— EXERCISE AIM —
Skip the images and print the listing exactly.

— RECORDED INFORMATION —
□ □ □

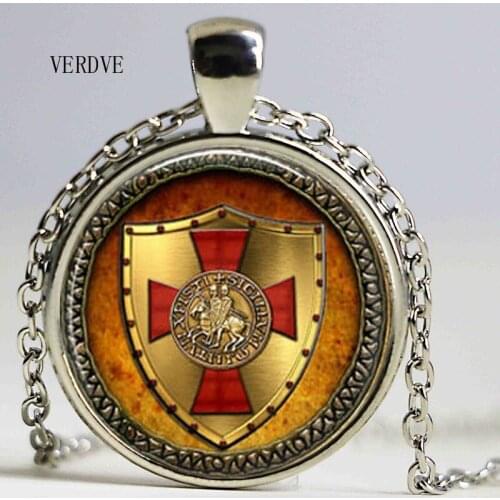1 Pieces Fashionable Templar Knight Glass Pendant Necklace Jewelry Mens Gift Jewelry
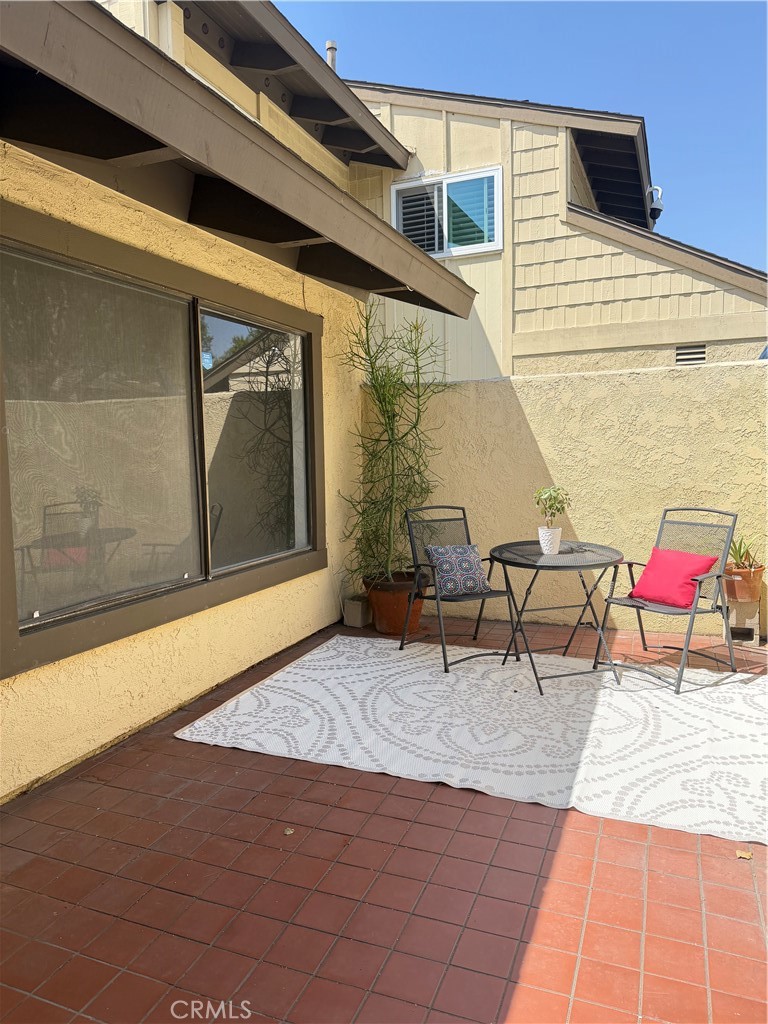 2620 N Tustin A/37 Property Photo 4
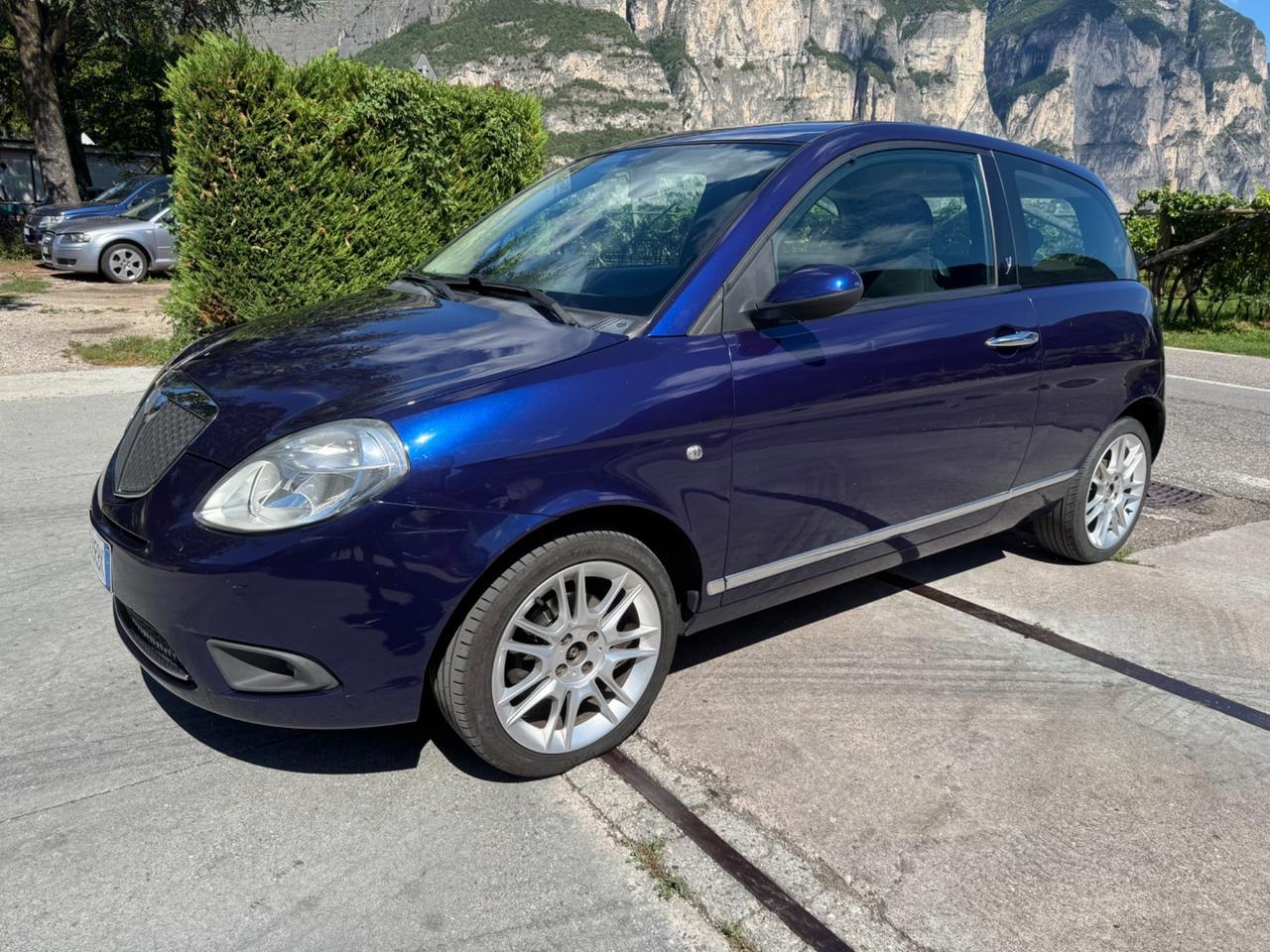 Lancia Ypsilon 1.3 MJT 75 CV PER COMMERCIANTI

□ □ □

— RESULT —
1 Pieces Fashionable Templar Knight Glass Pendant Necklace Jewelry Mens Gift Jewelry
 2620 N Tustin A/37 Property Photo 4
 Lancia Ypsilon 1.3 MJT 75 CV PER COMMERCIANTI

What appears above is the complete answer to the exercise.